■ **Information given**
———

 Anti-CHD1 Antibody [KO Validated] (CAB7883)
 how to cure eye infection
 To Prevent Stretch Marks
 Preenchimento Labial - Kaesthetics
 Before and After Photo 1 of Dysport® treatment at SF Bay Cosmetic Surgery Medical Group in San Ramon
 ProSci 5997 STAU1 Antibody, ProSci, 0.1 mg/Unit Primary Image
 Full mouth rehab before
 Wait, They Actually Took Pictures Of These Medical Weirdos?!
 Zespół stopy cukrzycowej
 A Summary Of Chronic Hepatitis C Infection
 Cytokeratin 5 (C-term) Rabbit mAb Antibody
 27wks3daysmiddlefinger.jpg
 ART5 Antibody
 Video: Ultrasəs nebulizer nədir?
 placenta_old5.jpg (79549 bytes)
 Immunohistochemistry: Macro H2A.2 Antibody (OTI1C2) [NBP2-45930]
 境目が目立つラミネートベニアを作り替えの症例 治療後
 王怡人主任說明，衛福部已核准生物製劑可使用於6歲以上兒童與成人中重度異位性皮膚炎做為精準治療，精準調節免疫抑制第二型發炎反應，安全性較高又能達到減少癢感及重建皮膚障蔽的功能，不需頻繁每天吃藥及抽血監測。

———

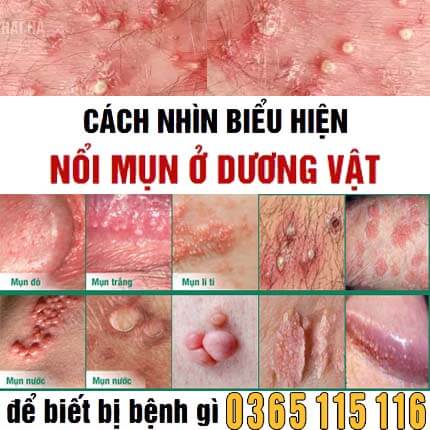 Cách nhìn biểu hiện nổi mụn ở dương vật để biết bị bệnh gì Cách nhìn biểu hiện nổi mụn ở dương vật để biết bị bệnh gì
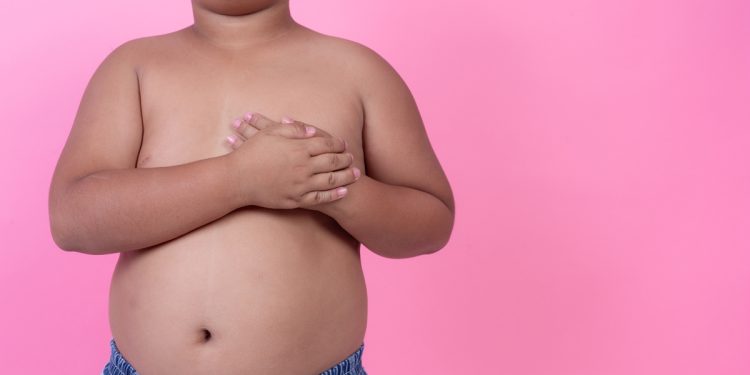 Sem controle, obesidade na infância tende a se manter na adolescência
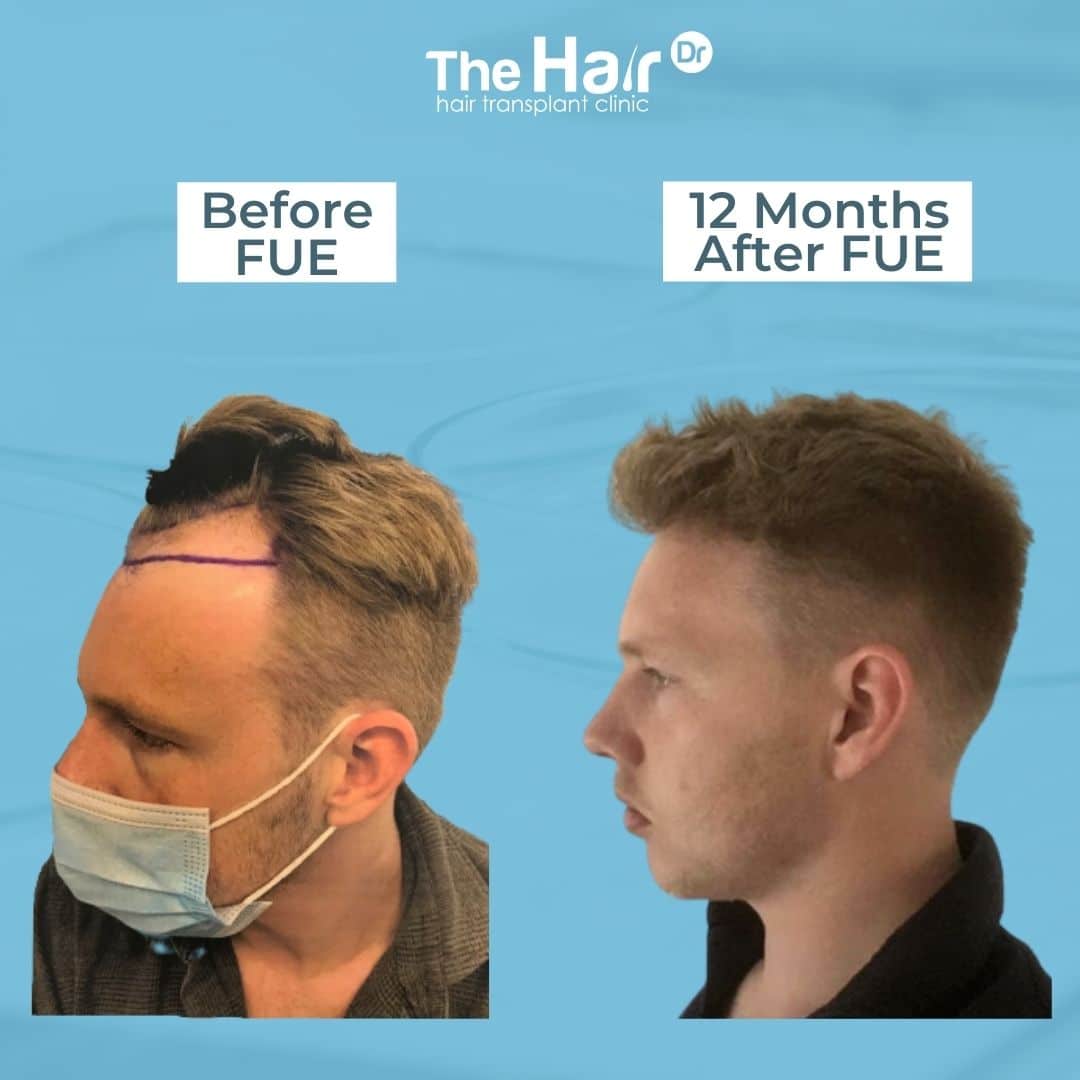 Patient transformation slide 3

———

■ **What you need to do**
Print nothing but the lines above starting with the line that contains "Sem controle, obesidade" and going on through the line that contains "Patient transformation slide 3". Leave out the pictures.

■ **Result for this exercise**
 Sem controle, obesidade na infância tende a se manter na adolescência
 Patient transformation slide 3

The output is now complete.